Emilie Simon (2003)

Retomamos la costumbre de destripar discos y seguimos sumidos en un eterno viaje sonoro con un remarcado caracter francés. La formación musical de Emilie Simon es, cuanto menos, envidiable: siete años de conservatorio, canto lírico, música clásica en La Sorbona y música electrónica en el IRCAM ayudan a tejer unos delicados entremados musicales sobre los que se pasea su suave voz.

Su primer album, homónimo, fue publicado en el año 2003 bajo la tutela de Universal Records. Abre el disco “Dessert“, su primer single, en un lento, pero sentido canto sobre la soledad acompañada por un órgano al final de la misma. El disco ya ha echado a caminar y aparecen las programaciones electrónicas y los fascinantes arreglos que la propia Emilie realiza en sus composiciones, no en vano estamos ante el mejor disco de música electrónica francesa de la edición del 2004 de Victoire de la musique. “Lise” es justamente eso: programaciones y violines.
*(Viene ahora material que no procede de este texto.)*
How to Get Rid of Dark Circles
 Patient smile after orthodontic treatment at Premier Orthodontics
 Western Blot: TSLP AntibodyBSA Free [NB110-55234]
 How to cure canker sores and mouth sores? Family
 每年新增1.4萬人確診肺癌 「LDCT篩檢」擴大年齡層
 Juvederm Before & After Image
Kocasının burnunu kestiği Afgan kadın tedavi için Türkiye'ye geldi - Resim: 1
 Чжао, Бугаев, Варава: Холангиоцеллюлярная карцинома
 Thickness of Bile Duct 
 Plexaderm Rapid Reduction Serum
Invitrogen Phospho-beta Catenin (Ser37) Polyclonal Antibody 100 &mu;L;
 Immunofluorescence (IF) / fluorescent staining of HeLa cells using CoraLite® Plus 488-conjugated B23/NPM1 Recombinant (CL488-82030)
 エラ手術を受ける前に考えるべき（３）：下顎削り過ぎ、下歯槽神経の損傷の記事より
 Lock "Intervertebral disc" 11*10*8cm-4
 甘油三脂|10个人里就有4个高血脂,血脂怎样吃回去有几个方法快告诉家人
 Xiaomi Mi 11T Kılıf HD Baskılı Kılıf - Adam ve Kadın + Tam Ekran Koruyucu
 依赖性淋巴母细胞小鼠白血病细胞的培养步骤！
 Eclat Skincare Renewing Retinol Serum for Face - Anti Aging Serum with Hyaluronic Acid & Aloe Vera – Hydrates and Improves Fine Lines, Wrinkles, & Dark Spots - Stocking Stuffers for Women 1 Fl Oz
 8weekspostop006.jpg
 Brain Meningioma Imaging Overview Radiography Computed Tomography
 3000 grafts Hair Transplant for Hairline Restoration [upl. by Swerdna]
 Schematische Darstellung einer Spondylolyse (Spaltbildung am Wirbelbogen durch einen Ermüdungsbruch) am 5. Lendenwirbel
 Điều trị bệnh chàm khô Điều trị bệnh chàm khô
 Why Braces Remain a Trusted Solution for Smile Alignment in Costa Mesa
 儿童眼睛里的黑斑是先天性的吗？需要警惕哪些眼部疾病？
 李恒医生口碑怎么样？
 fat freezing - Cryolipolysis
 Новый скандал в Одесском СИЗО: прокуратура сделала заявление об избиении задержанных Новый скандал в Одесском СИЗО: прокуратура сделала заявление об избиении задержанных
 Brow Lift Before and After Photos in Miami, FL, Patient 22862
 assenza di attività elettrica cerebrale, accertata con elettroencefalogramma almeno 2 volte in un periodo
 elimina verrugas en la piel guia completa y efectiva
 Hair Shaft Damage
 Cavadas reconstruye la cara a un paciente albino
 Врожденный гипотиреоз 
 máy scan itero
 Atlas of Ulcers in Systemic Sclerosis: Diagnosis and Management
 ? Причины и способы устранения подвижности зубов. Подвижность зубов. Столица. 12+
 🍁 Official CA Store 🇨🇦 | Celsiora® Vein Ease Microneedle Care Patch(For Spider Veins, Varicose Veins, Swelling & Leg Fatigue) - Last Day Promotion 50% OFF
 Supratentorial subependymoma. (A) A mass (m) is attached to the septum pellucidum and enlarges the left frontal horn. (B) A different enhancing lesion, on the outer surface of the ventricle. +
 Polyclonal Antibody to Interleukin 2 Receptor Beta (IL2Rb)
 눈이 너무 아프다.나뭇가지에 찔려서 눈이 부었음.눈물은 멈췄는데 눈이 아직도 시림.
A los discos muchas veces se llega por casualidades, éste es uno de los ejemplos más claros. En su debut, Emilie, aprovechó para deconstruir varias canciones bastante populares. La primera de ellas, “Femme Fatale” de The Velvet Underground, junto a Tim Keegan en las voces es un auténtico remanso de paz. Es una de mis canciones favoritas de The Velvet Underground y la versión no desmerece la original. El tercer corte del album es realmente potente, mientras transcurre “Secret” es imposible no acordarse de Portishead. Un medio tiempo clásico ya del trip-hop extrañamente guitarrero y con cierta profusión al coqueteo con los efectos de sonido y leve tendencia a la aparición de ruidos estudiados. Si tuviera que acordarme de algún artista en la siguiente canción, “Il pleut“, tendría que engendrar un nuevo ente formado entre la capacidad rítmica más mecanizada de Matthew Herbert y las melodías más etéreas de los primeros discos de Air.

Siguiendo el juego de las deconstrucciones la siguiente en pasar por el prisma de Emilie Simon es un pedazo de clásico de The Stooges como es “I wanna be your dog“. Sí, una canción repetida hasta la saciedad, interpretada por cientos de grupos y, lamentablemente, casi siempre con poco acierto. Todo un trallazo camino del electroclash con una elegancia exquisita sin apenas levantar la voz, disfruto muchísimo de las posibilidades de la reproducción en estéreo durante esta canción. “To the dancers in the rain” es una delicadísima composición, preciosa, que retoma la senda del sonido creado en Bristol.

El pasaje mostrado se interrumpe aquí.